JPNC election results announced

John Ruch

All of the official candidates, as well as two write-ins, in the July 12 Jamaica Plain Neighborhood Council (JPNC) election won their seats.

At 332 total votes, turnout was up about 25 percent over the last election in 2005. It was still below the 2003 record of about 1,100 voters. Ombudspeople disqualified 16 votes.

The election appeared to have problems with some unstaffed polling places. J.P. Licks, one of the official polls, had no one collecting votes on the morning of the election. Outgoing JPNC chair Nelson Arroyo, who served as an election ombudsperson, told the Gazette at that time that J.P. Licks was an “afternoon poll” only, but apparently that information had not been previously announced.

The winning candidates, with their total votes, include:

At Large: Felix G. Arroyo (276); Pam Bender (176); Jesús Gerena (189); Mark Pedulla (177); and Michael Reiskind (175).

Area A (Hyde/Jackson/Egleston squares): Victor Martinez (38) and Sol Tangvik (31).

Area B (Stonybrook/Parkside/Brookside/Forest Hills): Steven Backman (84); David Baron (67); Francesca Fordiani (106); Carlos Icaza (72); and Yawu Miller (83).

Area C (Pondside/Jamaica Hills/Forest Hill): Red Burrows (40); Andrea Howley (71); Kevin Leary (63); and Stephen Lussier (57).

Among the failed write-in candidates who drew relatively significant vote totals were Sunnyside Neighborhood Association president Edmund Cape and tree activist Kathy Holland.

The JPNC typically chooses officers at its meeting following the election. The next meeting is scheduled for July 24 at Curtis Hall. [See JP Agenda.]
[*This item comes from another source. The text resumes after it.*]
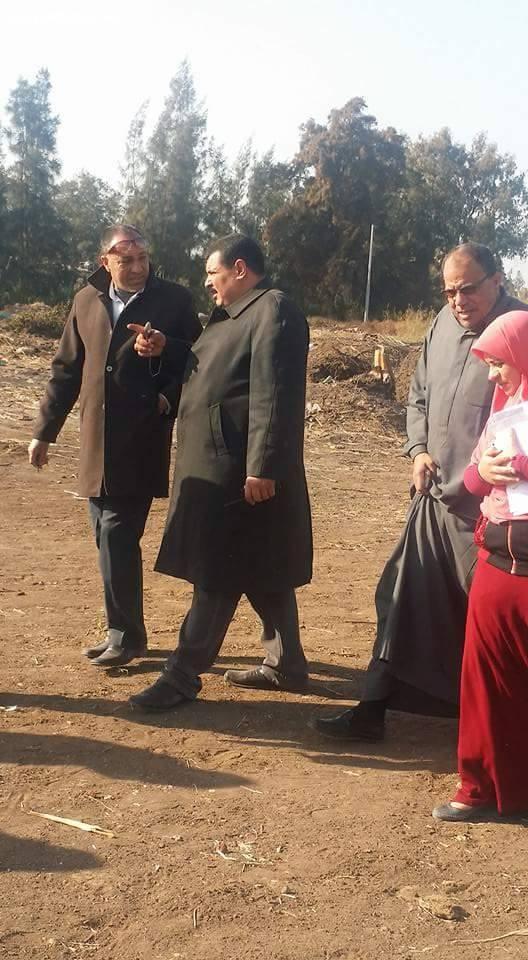 معاينة موقع إنشاء المدرسة اليابانية بـ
There were not enough elected candidates to fill all of the JPNC’s 20 seats. The JPNC typically fills vacant seats by appointing candidates who present themselves at one of the meetings.
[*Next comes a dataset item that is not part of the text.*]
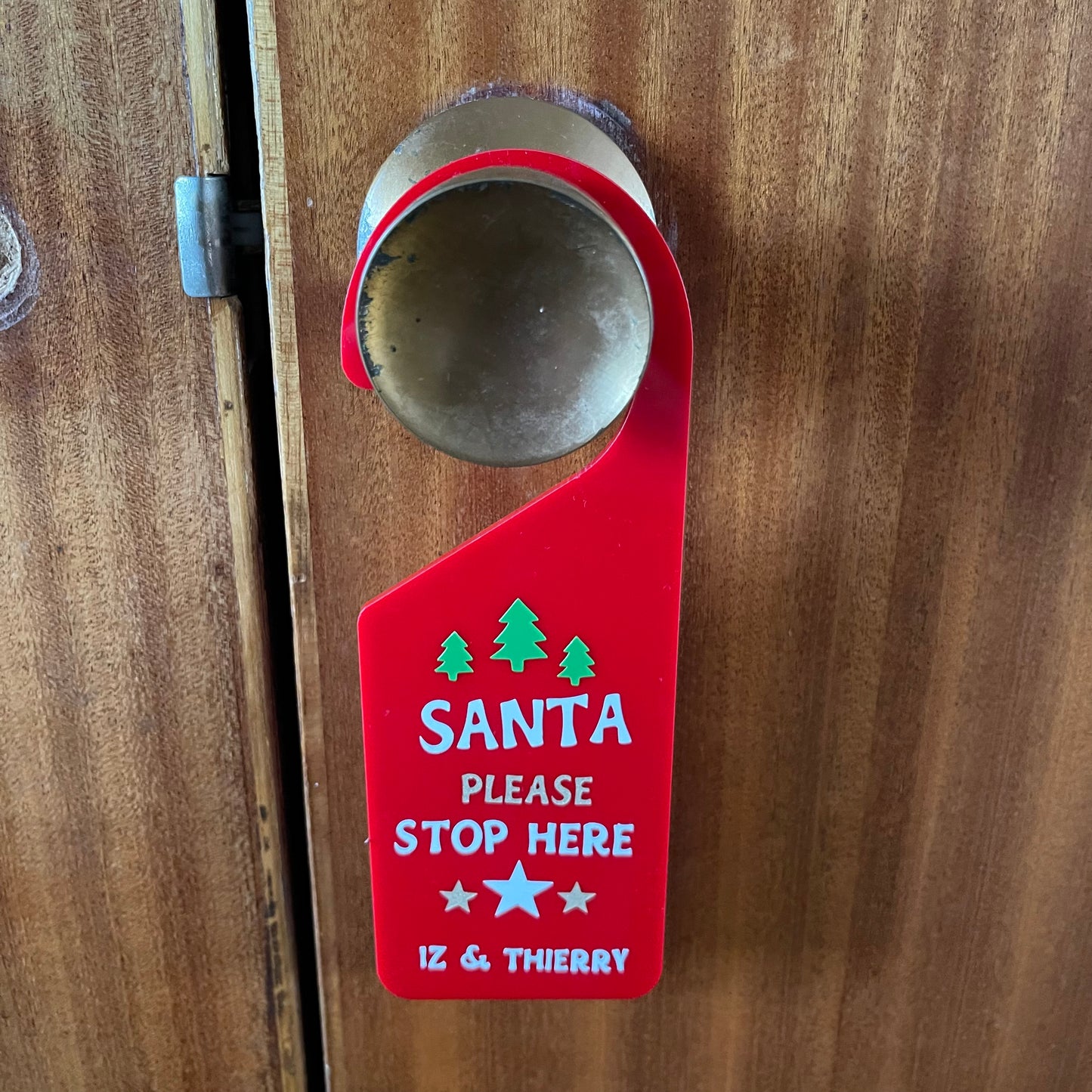 Christmas Door hangers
The JPNC also has committees open to volunteer community members.

The JPNC was one of several neighborhood councils established by the city in the 1980s to give greater input on community issues. Members are elected but unpaid. The JPNC has been particularly influential in recent years on zoning, licensing and housing issues, and as a community forum for various major controversies.

David Taber contributed to this article.